More than one in 10 adopted U.S. children born overseas

Friday, August 22, 2003

WASHINGTON -- More than one in 10 of the nation's adopted children was born overseas and the largest number come from Korea, the Census Bureau found in its first report on adoptions.

Experts say many American parents look abroad because the process of adopting foreign children usually is faster to complete. Also, the stigma once attached to parents who adopted a child of a different race or ethnicity has diminished.

Nearly 13 percent, or 200,000, of the country's 1.6 million adopted children, were born outside the United States. By comparison, 4 percent of the 59.8 million children living with a biological parent, or roughly 2.3 million, were foreign-born, according to data from the 2000 census being released today. There also are 3.3 million stepchildren.

Some people look overseas to avoid the legal wrangling that may arise if an adopted child's birth parents fight to reclaim custody, said Patricia A. Hill, executive director of ACTION Inc., an adoption agency in Dayton, Ohio, and mother of 20 adopted children.

"If they go international, they won't have that legal uncertainty," Hill said.

Administrative delays and roadblocks in the U.S. foster care system also can make a prospective parent search overseas, said Thomas Atwood, president of the National Council for Adoption in Alexandria, Va.

Adopting from a foreign country through a well-organized program generally takes a year, Census Bureau analyst Rose Kreider wrote in the 24-page report. Adopting through the foster care system can take several years.

There are indications the domestic adoption process has improved since a 1997 federal law gave states more financial incentive to find quality homes faster for foster children, Atwood said.

The vast majority of adoptions still involve native-born children. But the number of immigrant visas issued by the State Department to orphans coming into the United States for adoption increased dramatically from 1990 to 2000 -- from 7,000 to nearly 18,000.

More than one-fifth of all foreign-born child adopted came from Korea, 47,555, followed by China (21,053), Russia (19,631), Mexico (18,021) and India (7,793).

Adopted children live in homes with higher median incomes than children living with a biological parent ($56,000 versus $48,000) and are more likely to live in homes that are owned (78 percent versus 67 percent). Only 12 percent of adopted children live in poverty compared with 16 percent of the other kids.

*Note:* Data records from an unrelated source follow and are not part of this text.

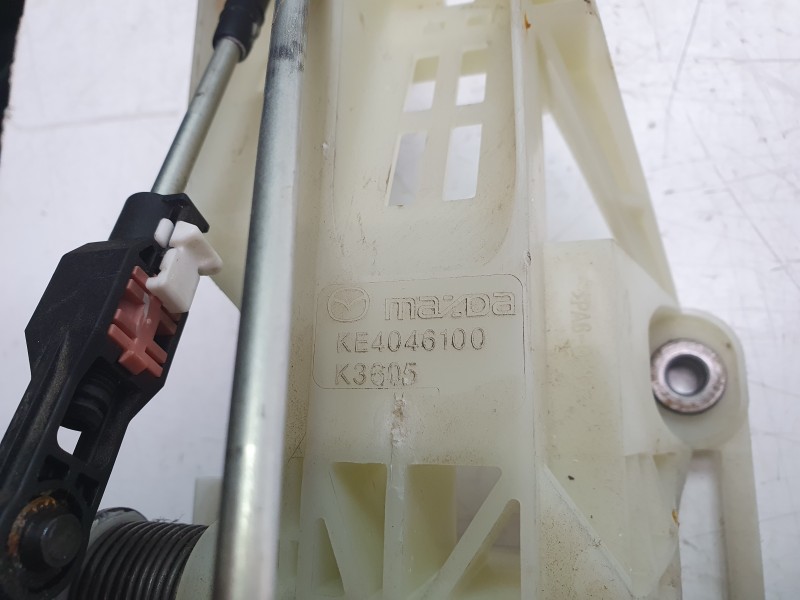 Recambio de palanca cambio para mazda cx-5 luxury 2wd referencia OEM IAM KE4046100  
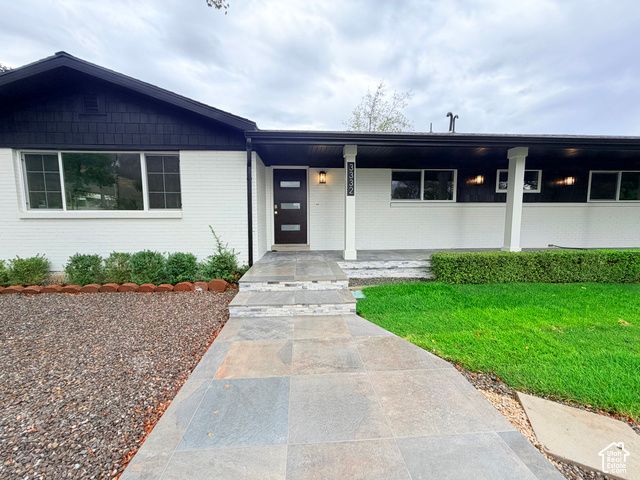3332 E FORT UNION BLVD, Cottonwood Heights, UT 84121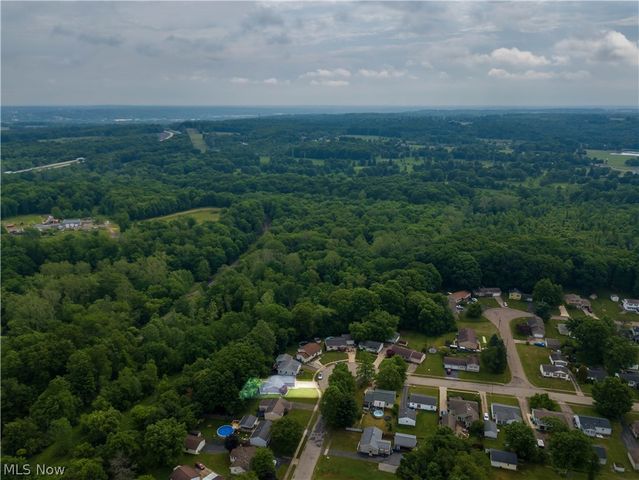 949 Saul Drive, Hubbard, OH 44425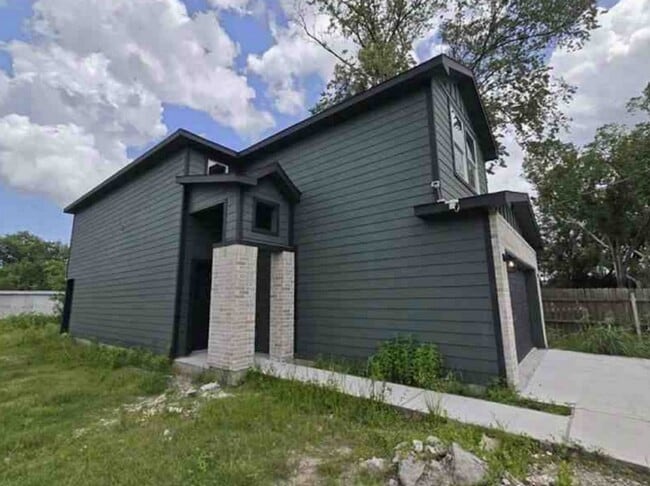Building Photo - 15565 Kurt Dr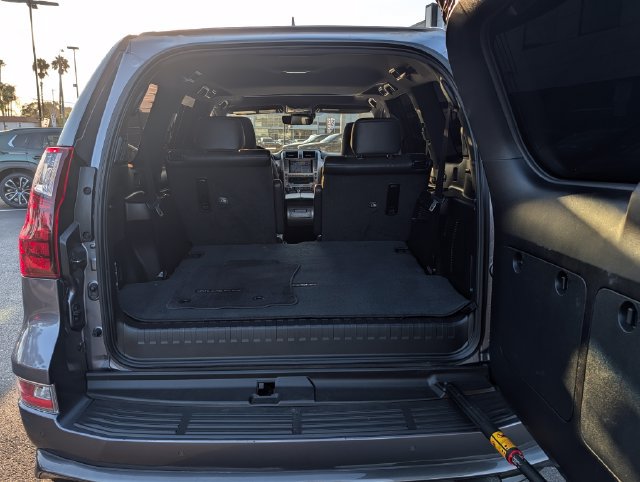 Used 2021 Lexus GX 460 Luxury w/ Sport Design Package AWD/4WD image 10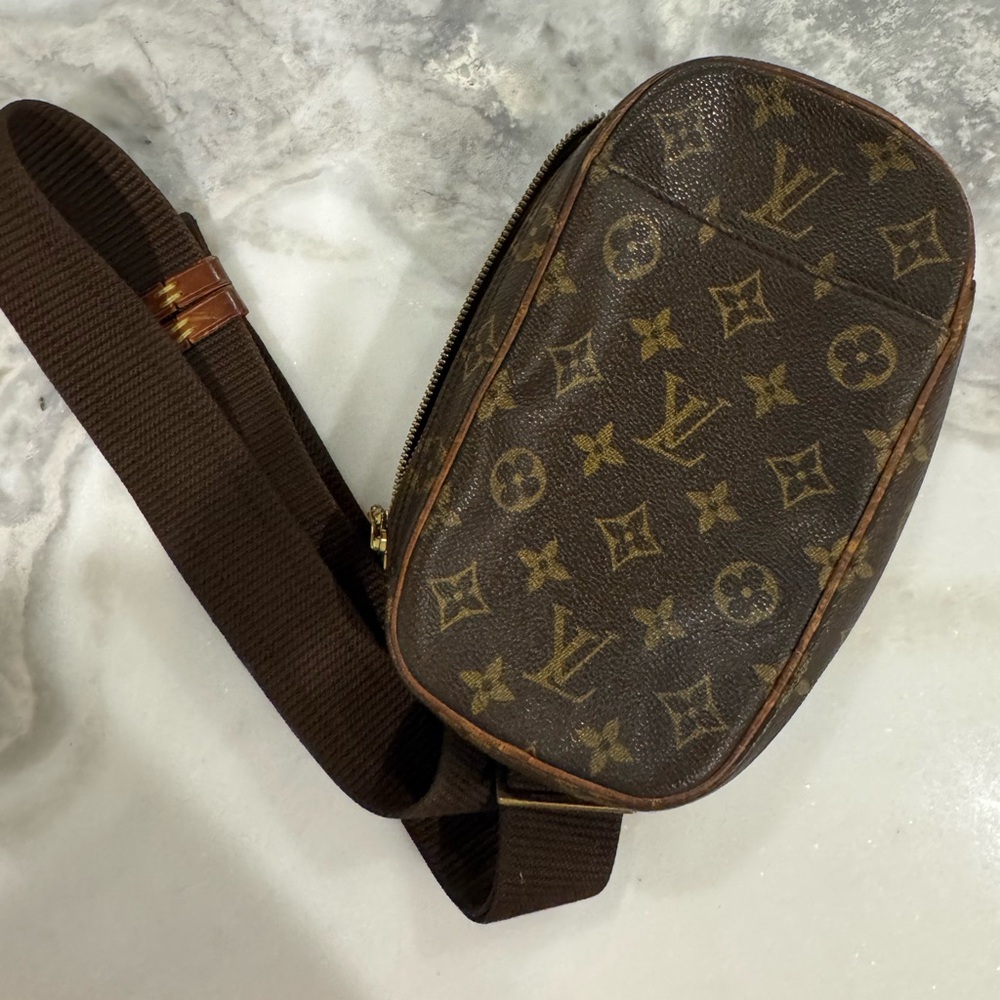 Louis Vuitton Monogram Brown Belt Bag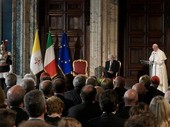 Papa Francesco al Quirinale: "laicità positiva" per migrazioni, lavoro e famiglia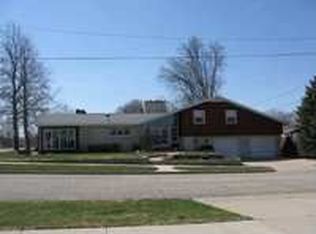 2814 7th St, Monroe, WI 53566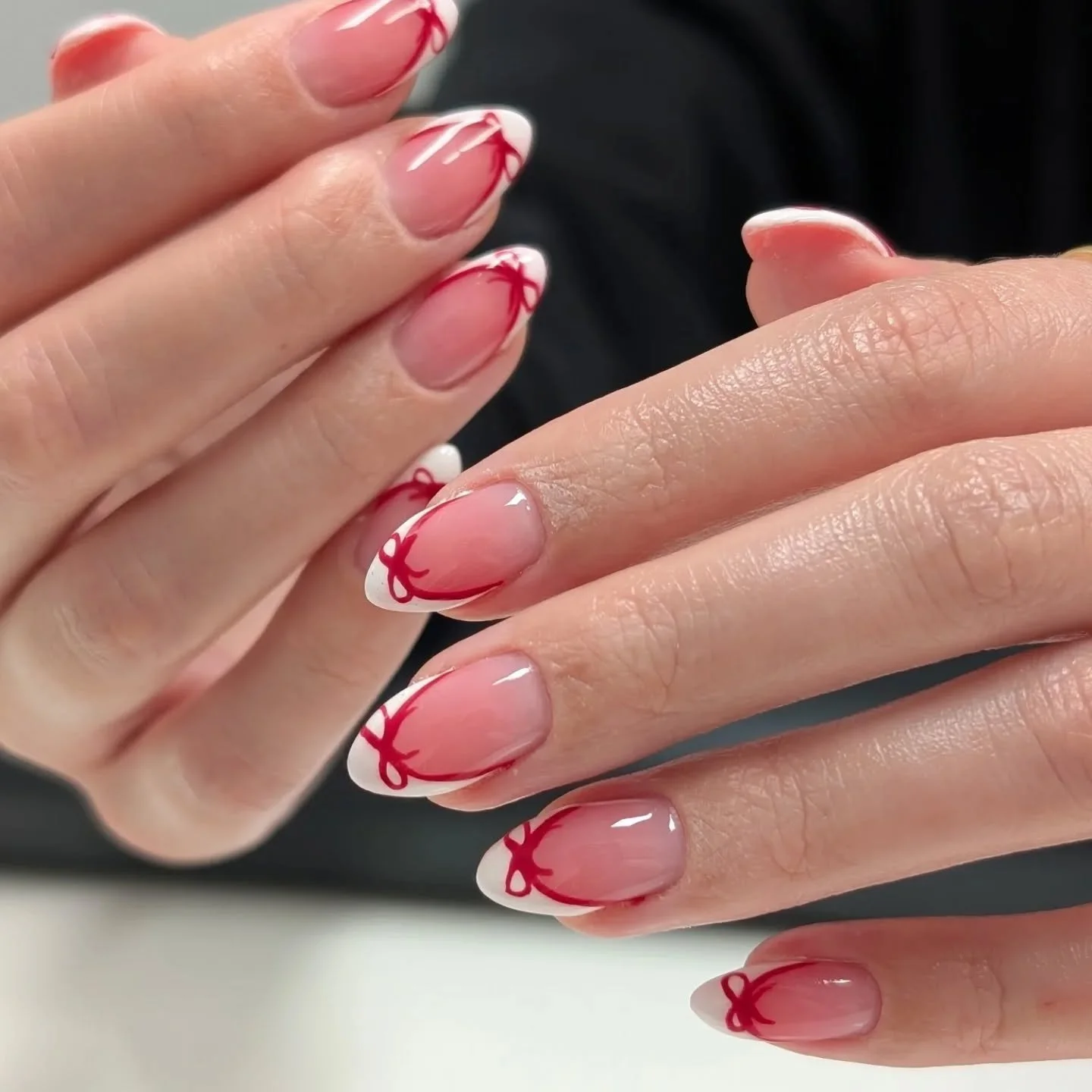 Wrapped up in a bow 🎀
.
.
#nailart #nailsoftheday #nails #naildesigns #nailtechlife #barrienailsalon #barrienails #simcoecounty #shellacnails #gelnails #acyrlicnails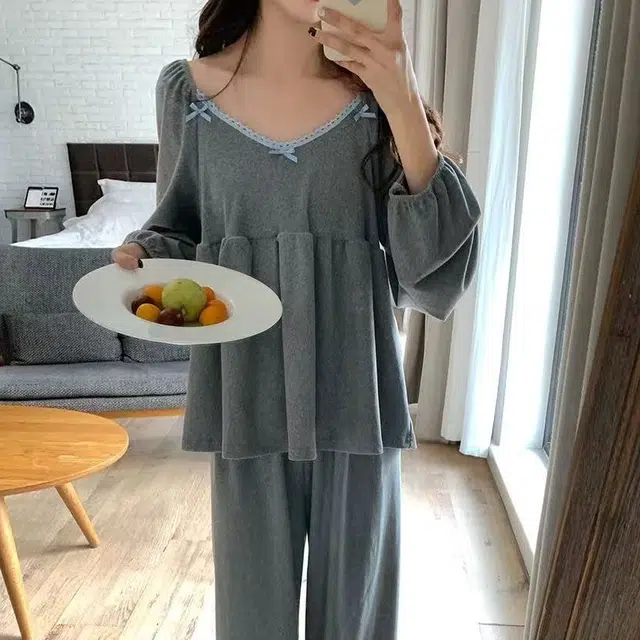 V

Experts say adopted parents generally must show they can adequately provide for a child. Private agencies charge on average $10,000 for adoptions, though the cost can be as high as $40,000, Hill said.

Among other findings in the report:

  • Some 10 percent of adopted children have a mental disability, compared with 4 percent of the other kids.

  • The average age of the parent of an adopted child is 43 compared with 38 for the biological parent of a child. Adopted parents who have trouble conceiving a child naturally often wait until later in life before turning to adoption.

  • Girls were adopted more often than boys -- 835,000 to 750,000. The report said among the reasons are more single women adopt girls than boys.

    The findings are from answers to a question that asked, "How is this person related to the head of household?" Besides "adopted son/daughter," other answers included "husband/wife," "natural-born son/daughter" and "stepson/stepdaughter." The 1990 census did not separate "natural-born" and "adopted."

    The new report examines only children living with an adoptive, biological or stepparent.

    The Health and Human Services Department asked the bureau to add "adopted" as an option to keep better statistics of families.